The China Banking and Insurance Regulatory Commission on Jan. 26 asked Chinese banks to give "special consideration" to companies that are struggling to repay loans, such as declaring a moratorium on repayments. The banking regulator also asked banks to support companies in Hubei Province and the parts of China hit hardest by the outbreak.
As a result, the official nonperforming loans may remain at 2%. But that's only because the bulk of loans that are actually not performing are being given "special consideration." The banking regulatory is also likely to go easy on banks in terms of the rules for recognizing bad debts.
Bad loans would actually peak at 7.8% of total loans, S&P projects, in its worst-case scenario. Together with other problem loans masked for "special mention" or "special consideration," the questionable loan ratio could peak at 13.3%, according to S&P.
It may take years for lending standards to improve once again. China would not be alone in relaxing lending standards in response to a natural disaster, but the track record in Asia has been to allow debts racked up during such a period to fester.
"We see a risk that companies may exploit relaxed standards to drag out repayments for years," S&P's primary credit analyst Ming Tan states in a report. "We saw some instances of this in Japan and Taiwan following natural disasters."
In response to the 2011 Fukushima earthquake, tsunami and nuclear disaster, Japan allowed banks to reduce or release victims from their individual debts, such as mortgages and individual business loans, settling them out of court. Big companies received government support, and they as a result made good on most forborne loans.
After a devastating earthquake in Taiwan in 1999, the Ministry of Finance let disaster-hit companies and mortgage borrowers extend loan repayment periods by up to five years. Some Taiwanese banks then spent years "amortizing" their losses, S&P notes, "effectively kicking the can down the road, and in so doing undermining loan-classification standards."
China has been on the warpath over the last three years, in a bid to improve credit standards, remove dodgy "shadow banking" debt, and restrict over borrowing by companies, particularly in non-core businesses. But last year Beijing was forced to bail out Baoshang Bank in Inner Mongolia, the first bank failure in more than 20 years. The state then also took over two other regional banks, the Bank of Jinzhou and Hengfeng Bank, resulting in public nervousness about other small lenders.

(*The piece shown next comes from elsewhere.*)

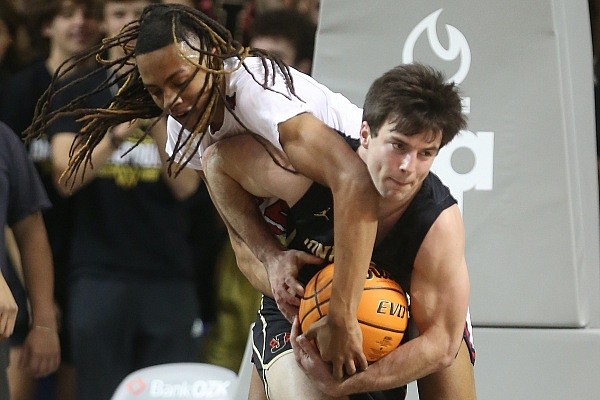 Marion's Terrion Burgess (left) fights for a rebound with Jonesboro's John Paul Pickens (right) during the second quarter of Jonesboro's 55-28 win in the Class 5A boys basketball state championship game on Thursday, March 10, 2022, at Bank OZK Arena in Hot Springs.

Less-creditworthy banks and companies are now likely to be allowed to drift along for years to come. The Chinese leadership is desperate to redeem itself after perceived failings in its slow response to the virus, and attempts to cover up early cases. So Beijing is starting to roll out hefty stimulus measures to improve financial and social stability.
It rings true that the official nonperforming loans may remain at 2% while the actual figure is far higher.
China always hits its "forecasts" for economic growth, one way or another. The Communist Party has delayed its major meeting slated for March, in which it normally "predicts" growth for the year. At the National People's Congress, when China's rubber-stamp parliament meets, the top brass was expected to mandate growth of "around 6.0%." But the meeting will not take place as scheduled. Beijing currently mandates a 14-day quarantine period for anyone arriving from outside the city.
The death rate from the Covid-19 disease has also stayed remarkably consistent. Authorities have walked it slightly higher over the last few days, now standing at 2.96% for cases within China's borders. Up from 2.1%, and with the method of categorizing cases already changed twice, it will be interesting to see if it is allowed to rise above 3.00%.
The death rate is higher within Hubei Province, the epicenter, where it's killing 3.4% of infected patients. That's likely due to lower health-care standards, as hospitals and medical professionals struggle to get supplies, even enough protective clothing. Three provinces, including Hubei, are starting to report cases within their prison system, which is already notorious for poor standards of medical care.
Besides the National People's Congress, its flagship political event of the year, China has also delayed the Boao Forum, its version of Davos, at which it brings together movers and shakers from around Asia. The congress was slated to start March 5, and the Boao Forum on March 24, but it's not yet clear when either event will now take place.